You and I don’t and cannot ever know how a child’s life will turn out. Countless children have started off poor—and even abused—and yet grown up to do amazing things with their lives. God brings good out of bad, so He uses people who have endured much hardship to go on and do much good for the people around them, and the world as well.
What right to we have to take that away? To take a child’s life and end it before its even begun?
When I was a child, I used to watch this animated version of the story of Moses called The Prince of Egypt. The first pharaoh in that movie who ordered the death of every son born to an Israelite seemed like one of the worst villains in history to me at the time. It was always an exciting and dramatic scene to see baby Moses narrowly escape death.
Now? The morals of the world and especially our country have flipped so much that they are completely backward. Every day, common women are having abortions and every day common people, including men, are saying it’s a good thing. They’re praising people for doing it and hating people who say its wrong.
I will say it, then: Abortion is wrong. Aborting a baby today is no different than what Pharaoh 1 did.
Brothers and sisters in Christ, you and I cannot remain silent on this issue any longer. Men, you do have a right to speak up, to stand up for the innocent children being murdered every second of every day. We have to speak up and stop this from happening—to do what we can to save as many babies as possible, just like Moses’ mother saved him. We cannot just stay silent for fear of offending people, not when it comes to babies’ lives.
And if you’re thinking about abortion, don’t listen to all the fear and the rhetoric of what people tell you—that the child will grow up poor, or that it’ll have a horrible life. You may be homeless and not have even a penny to your name, but God promises in His Word to provide. He cares for the lilies and the birds, how much more will He care for you and me? Just because you can’t provide a good life does not mean that murdering your baby is an answer. It isn’t. That’s just murder—cold, blooded murder, no different than pharaoh 1. There are other options for you and many organizations who seek to help stop abortion and help mothers provide by giving mothers alternatives. Read all about them here.
And if you’re a mother who has already had an abortion, it isn’t too late to seek forgiveness. God promises to cast our sin as far as the east is from the west, and Jesus died and rose again to save all of us. You have a chance to be forgiven, to heal from your grief (which is very real). You are not alone; many mothers struggle with grief, guilt, and shame after an abortion, and what you’re going through should never be ignored. If you have had an abortion—or are a man who either went along with the abortion, insisted on it, or didn’t know about it—there is a Christian organization called Focus on the Family who has helped many others who have gone through the same thing you have. Visit their website to find out more information.

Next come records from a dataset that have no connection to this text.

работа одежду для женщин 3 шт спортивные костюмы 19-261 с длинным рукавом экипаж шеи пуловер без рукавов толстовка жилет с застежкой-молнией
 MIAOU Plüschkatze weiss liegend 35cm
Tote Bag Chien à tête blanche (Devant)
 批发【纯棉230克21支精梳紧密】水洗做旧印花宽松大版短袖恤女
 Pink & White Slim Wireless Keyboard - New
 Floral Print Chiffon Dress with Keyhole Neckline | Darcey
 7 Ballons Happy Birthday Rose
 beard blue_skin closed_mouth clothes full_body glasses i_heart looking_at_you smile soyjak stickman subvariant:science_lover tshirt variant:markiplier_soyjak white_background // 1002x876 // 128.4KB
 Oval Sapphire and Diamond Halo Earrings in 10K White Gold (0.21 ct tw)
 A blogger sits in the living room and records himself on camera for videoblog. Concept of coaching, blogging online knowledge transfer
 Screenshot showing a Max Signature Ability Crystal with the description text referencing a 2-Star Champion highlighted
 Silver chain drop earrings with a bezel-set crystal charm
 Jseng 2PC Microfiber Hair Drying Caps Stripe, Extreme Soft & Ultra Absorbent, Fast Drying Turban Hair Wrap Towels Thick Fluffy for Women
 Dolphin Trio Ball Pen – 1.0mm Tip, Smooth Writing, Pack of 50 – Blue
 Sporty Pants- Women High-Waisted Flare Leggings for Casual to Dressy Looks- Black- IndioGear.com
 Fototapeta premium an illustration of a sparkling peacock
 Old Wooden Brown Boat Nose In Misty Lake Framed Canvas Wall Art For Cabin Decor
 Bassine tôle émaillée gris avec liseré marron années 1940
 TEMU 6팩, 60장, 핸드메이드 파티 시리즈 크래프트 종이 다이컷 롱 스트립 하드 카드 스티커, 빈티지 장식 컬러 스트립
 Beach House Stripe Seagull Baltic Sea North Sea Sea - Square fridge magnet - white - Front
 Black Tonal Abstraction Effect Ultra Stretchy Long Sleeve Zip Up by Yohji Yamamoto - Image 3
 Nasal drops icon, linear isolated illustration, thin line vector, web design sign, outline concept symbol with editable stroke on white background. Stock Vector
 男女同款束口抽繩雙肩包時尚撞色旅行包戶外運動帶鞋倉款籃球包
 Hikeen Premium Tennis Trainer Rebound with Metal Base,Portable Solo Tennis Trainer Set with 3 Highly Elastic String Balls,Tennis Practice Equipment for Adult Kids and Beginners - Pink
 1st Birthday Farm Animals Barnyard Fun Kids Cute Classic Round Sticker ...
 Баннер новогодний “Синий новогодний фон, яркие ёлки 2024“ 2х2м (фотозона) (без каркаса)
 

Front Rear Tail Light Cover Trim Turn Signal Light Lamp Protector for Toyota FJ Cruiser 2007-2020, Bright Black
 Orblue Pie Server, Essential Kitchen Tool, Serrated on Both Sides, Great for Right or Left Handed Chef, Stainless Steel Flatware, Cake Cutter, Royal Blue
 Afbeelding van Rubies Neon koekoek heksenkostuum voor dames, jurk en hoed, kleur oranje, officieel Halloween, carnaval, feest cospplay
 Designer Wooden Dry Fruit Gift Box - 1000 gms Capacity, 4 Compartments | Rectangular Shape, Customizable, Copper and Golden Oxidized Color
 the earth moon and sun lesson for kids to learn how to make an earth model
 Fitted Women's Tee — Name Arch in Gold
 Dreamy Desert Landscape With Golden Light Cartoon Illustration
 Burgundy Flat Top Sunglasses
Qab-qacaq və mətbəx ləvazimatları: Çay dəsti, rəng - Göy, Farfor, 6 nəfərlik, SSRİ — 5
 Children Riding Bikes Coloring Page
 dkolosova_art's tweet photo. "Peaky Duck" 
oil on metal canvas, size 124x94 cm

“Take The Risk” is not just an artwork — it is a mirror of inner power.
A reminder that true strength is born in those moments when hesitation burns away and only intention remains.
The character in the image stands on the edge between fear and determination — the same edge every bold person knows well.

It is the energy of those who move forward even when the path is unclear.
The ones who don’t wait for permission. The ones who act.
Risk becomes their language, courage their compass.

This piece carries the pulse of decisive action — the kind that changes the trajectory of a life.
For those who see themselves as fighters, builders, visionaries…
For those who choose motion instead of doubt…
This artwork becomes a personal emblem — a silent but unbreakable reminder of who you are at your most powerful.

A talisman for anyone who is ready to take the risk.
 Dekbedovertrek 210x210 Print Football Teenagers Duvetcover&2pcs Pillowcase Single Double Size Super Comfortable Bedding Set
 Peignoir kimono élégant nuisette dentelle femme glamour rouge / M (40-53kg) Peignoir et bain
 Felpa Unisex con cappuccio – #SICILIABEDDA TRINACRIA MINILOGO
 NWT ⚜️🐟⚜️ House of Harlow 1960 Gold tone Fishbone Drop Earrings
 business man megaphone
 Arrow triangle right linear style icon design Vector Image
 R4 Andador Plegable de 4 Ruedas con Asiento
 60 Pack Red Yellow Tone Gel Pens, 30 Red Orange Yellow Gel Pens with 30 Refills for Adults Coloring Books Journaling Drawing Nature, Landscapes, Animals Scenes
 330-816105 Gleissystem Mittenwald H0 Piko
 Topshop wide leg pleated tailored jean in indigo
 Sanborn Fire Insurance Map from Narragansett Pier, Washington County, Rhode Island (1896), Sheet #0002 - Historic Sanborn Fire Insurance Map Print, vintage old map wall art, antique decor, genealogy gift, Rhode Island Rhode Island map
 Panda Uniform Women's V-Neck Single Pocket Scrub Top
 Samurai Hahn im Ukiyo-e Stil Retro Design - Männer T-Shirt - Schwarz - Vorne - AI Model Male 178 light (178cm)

Just a short disclaimer here: I am not including these links to promote anything and I’m not making money from affiliate links or anything like that. I genuinely want to help those who are considering having an abortion or women and men who have already had one.
Don’t be like Pharaoh 1. His legacy is, what? The murder of countless innocent Hebrew infant boys. The legacy of this country is over 30 million babies aborted this year alone.
You and I need to speak out and to whatever we can to stop this.